After listening to Monday’s opening statement by prosecutors, I still think the Manhattan D.A. has made a historic mistake. Their vague allegation about “a criminal scheme to corrupt the 2016 presidential election” has me more concerned than ever about their unprecedented use of state law and their persistent avoidance of specifying an election crime or a valid theory of fraud.

To recap: Mr. Trump is accused in the case of falsifying business records. Those are misdemeanor charges. To elevate it to a criminal case, Mr. Bragg and his team have pointed to potential violations of federal election law and state tax fraud. They also cite state election law, but state statutory definitions of “public office” seem to limit those statutes to state and local races.
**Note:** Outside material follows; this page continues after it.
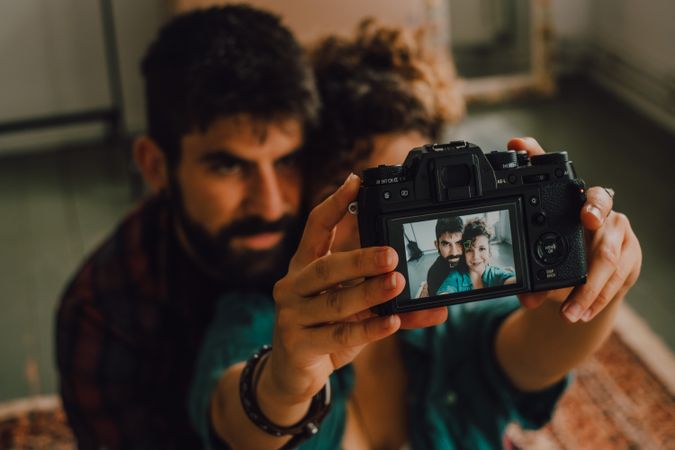 Joyful couple embracing and taking selfie on camera at home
Both the misdemeanor and felony charges require that the defendant made the false record with “intent to defraud.” A year ago, I wondered how entirely internal business records (the daily ledger, pay stubs and invoices) could be the basis of any fraud if they are not shared with anyone outside the business. I suggested that the real fraud was Mr. Trump’s filing an (allegedly) false report to the Federal Election Commission, and only federal prosecutors had jurisdiction over that filing.

A recent conversation with Jeffrey Cohen, a friend, Boston College law professor and former prosecutor, made me think that the case could turn out to be more legitimate than I had originally thought. The reason has to do with those allegedly falsified business records: Most of them were entered in early 2017, generally before Mr. Trump filed his Federal Election Commission report that summer. Mr. Trump may have foreseen an investigation into his campaign, leading to its financial records. Mr. Trump may have falsely recorded these internal records before the F.E.C. filing as consciously part of the same fraud: to create a consistent paper trail and to hide intent to violate federal election laws, or defraud the F.E.C.

In short: It’s not the crime; it’s the cover-up.

Looking at the case in this way might address concerns about state jurisdiction. In this scenario, Mr. Trump arguably intended to deceive state investigators, too. State investigators could find these inconsistencies and alert federal agencies. Prosecutors could argue that New York State agencies have an interest in detecting conspiracies to defraud federal entities; they might also have a plausible answer to significant questions about whether New York State has jurisdiction or whether this stretch of a state business filing law is pre-empted by federal law.